--- Records shown Enclosed Below ---
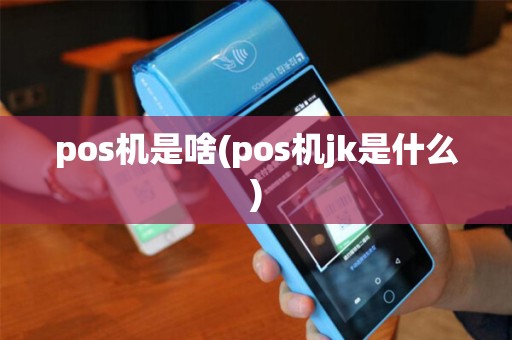 pos机是啥(pos机jk是什么) pos机是啥(pos机jk是什么)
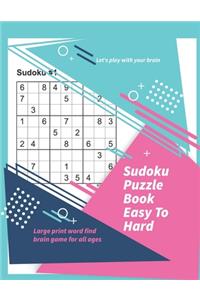 Let's play with your brain Sudoku Puzzle Book Easy To Hard: Large print word find brain game for all ages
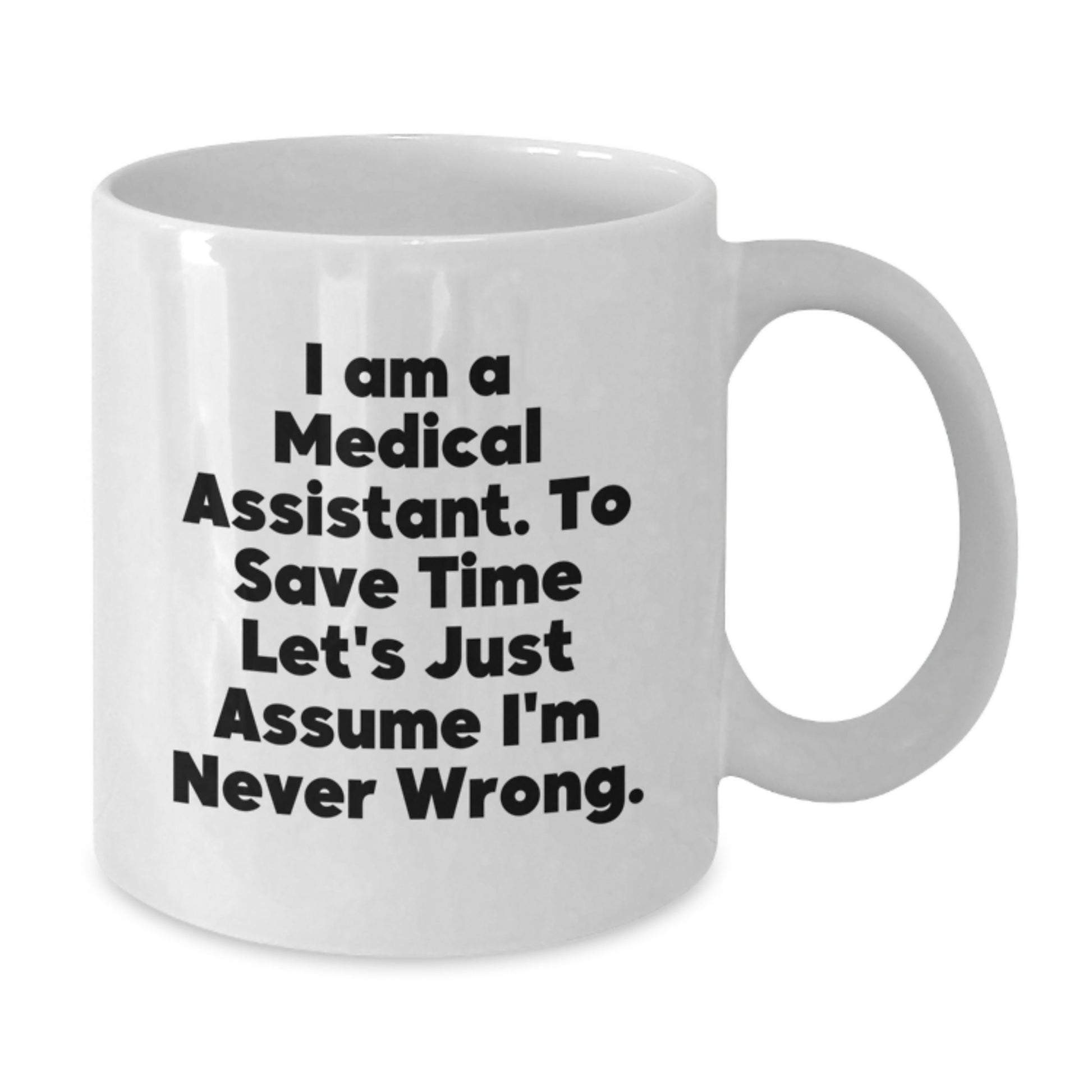 Funny Medical Assistant Gifts from Friends for Medical Assistants, White Coffee Mug for Graduation - Additional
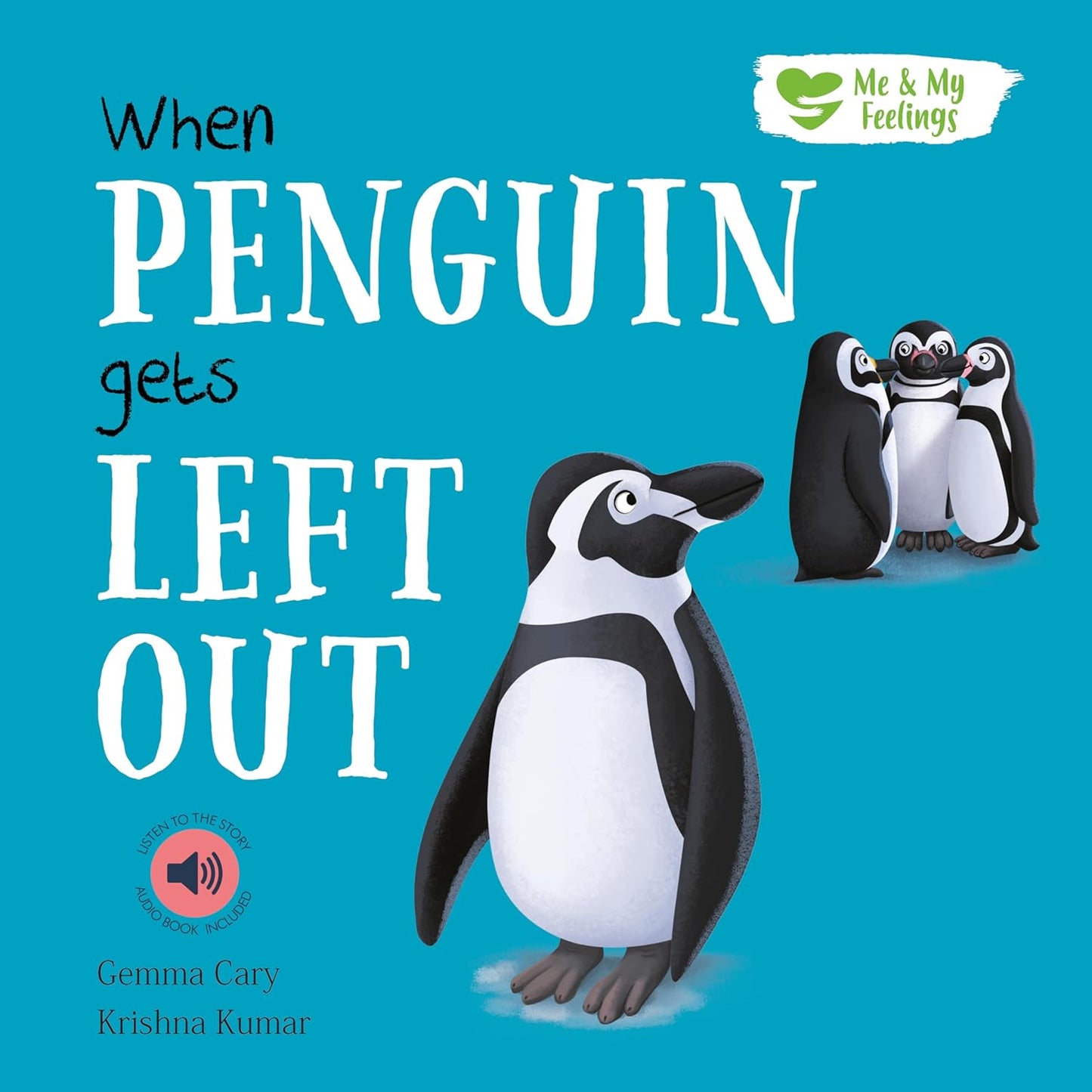 Me And My Feelings - When Penguin Gets Left Out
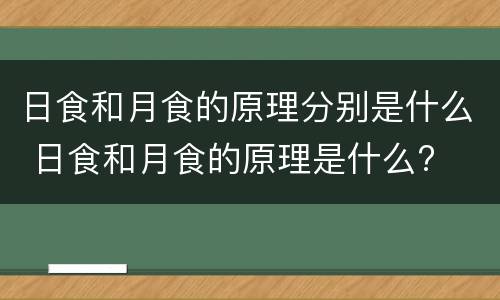日食和月食的原理分别是什么 日食和月食的原理是什么?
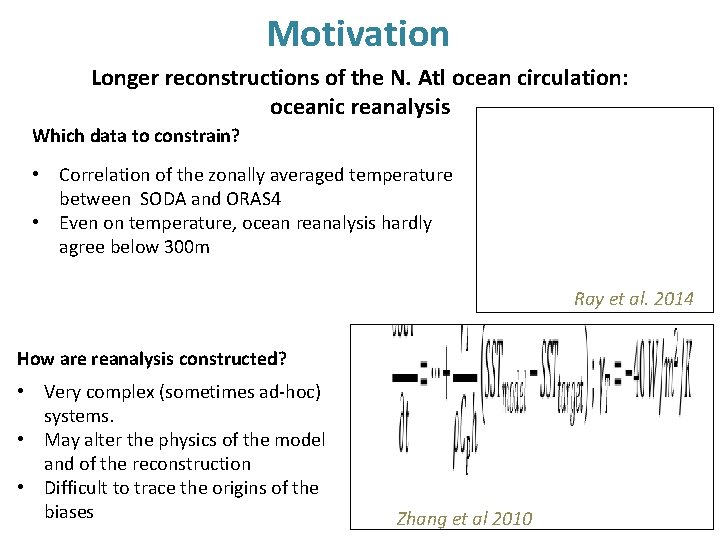 Motivation Longer reconstructions of the N. Atl ocean circulation: oceanic reanalysis Which data to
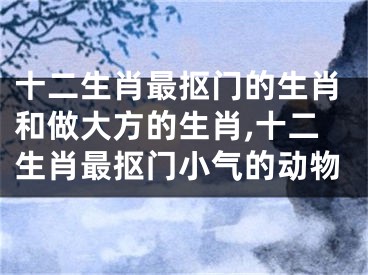 十二生肖最抠门的生肖和做大方的生肖,十二生肖最抠门小气的动物
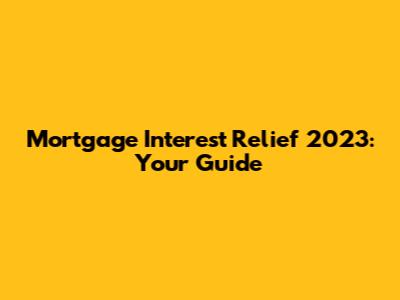 Mortgage Interest Relief 2023: Your Guide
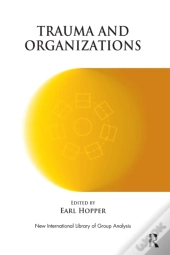 Trauma And Organizations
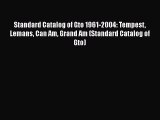 [Read Book] Standard Catalog of Gto 1961-2004: Tempest Lemans Can Am Grand Am (Standard Catalog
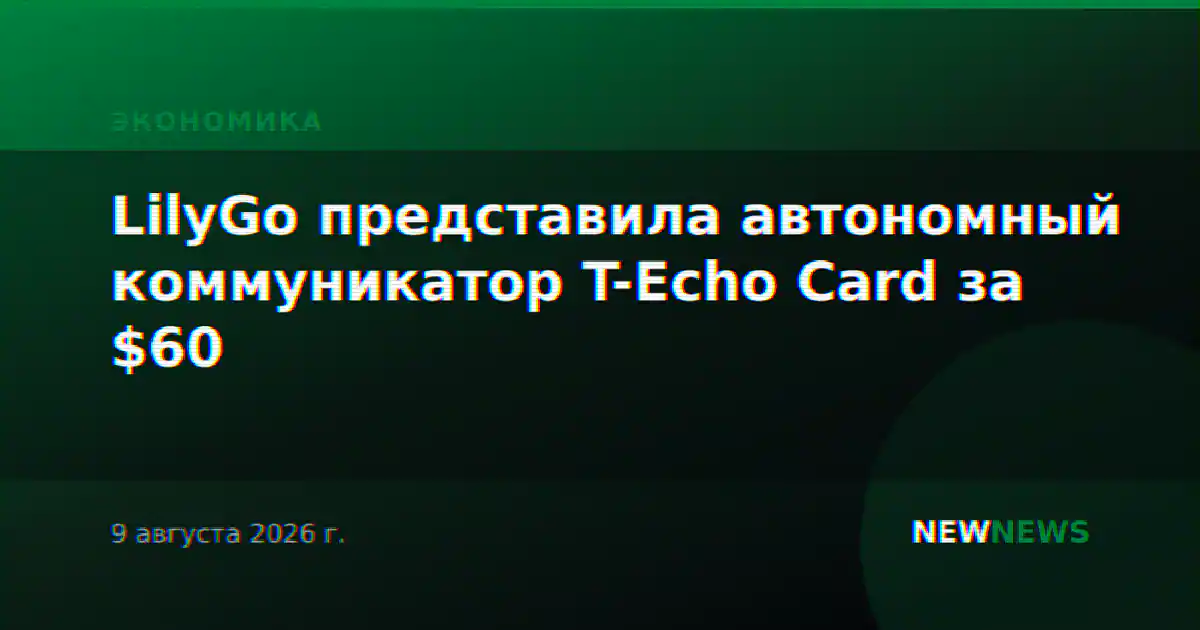 LilyGo представила автономный коммуникатор T-Echo Card за $60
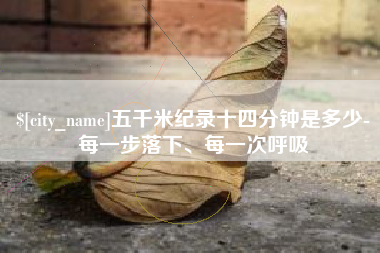 黄骅五千米纪录十四分钟是多少-每一步落下、每一次呼吸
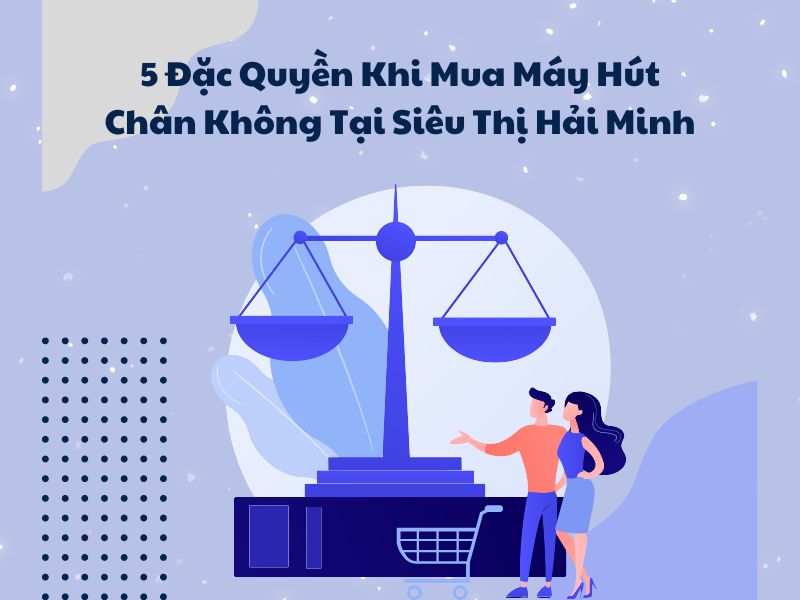 5-Dac-Quyen-Khi-Mua-May-Hut-Chan-Khong-Tai-Sieu-Thi-Hai-Minh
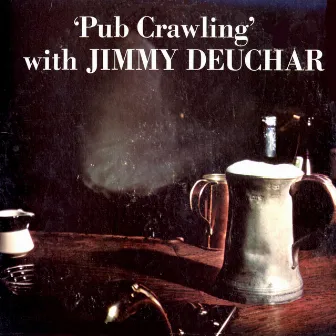 Pub Crawling' With Jimmy Deuchar by Jimmy Deuchar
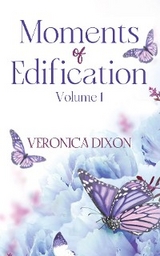 Moments of Edification: Volume 1 -  Veronica Dixon
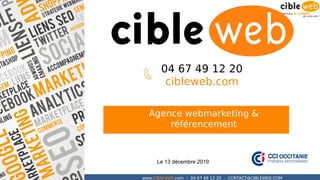 www.cibleweb.com – 04 67 49 12 20 - CONTACT@CIBLEWEB.COM
Agence webmarketing &
référencement
04 67 49 12 20
cibleweb.com
Le 13 décembre 2019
--- End of Enclosed Records shown ---
Activity: The output is the stretch above from the line with "Motivation Longer reconstructions" through the line with "Pub Crawling' With", copied word for word with both ends kept and every picture dropped.

Answer to this task:
 Motivation Longer reconstructions of the N. Atl ocean circulation: oceanic reanalysis Which data to
 十二生肖最抠门的生肖和做大方的生肖,十二生肖最抠门小气的动物
 Mortgage Interest Relief 2023: Your Guide
 Trauma And Organizations
 [Read Book] Standard Catalog of Gto 1961-2004: Tempest Lemans Can Am Grand Am (Standard Catalog
 LilyGo представила автономный коммуникатор T-Echo Card за $60
 黄骅五千米纪录十四分钟是多少-每一步落下、每一次呼吸
 5-Dac-Quyen-Khi-Mua-May-Hut-Chan-Khong-Tai-Sieu-Thi-Hai-Minh
 Pub Crawling' With Jimmy Deuchar by Jimmy Deuchar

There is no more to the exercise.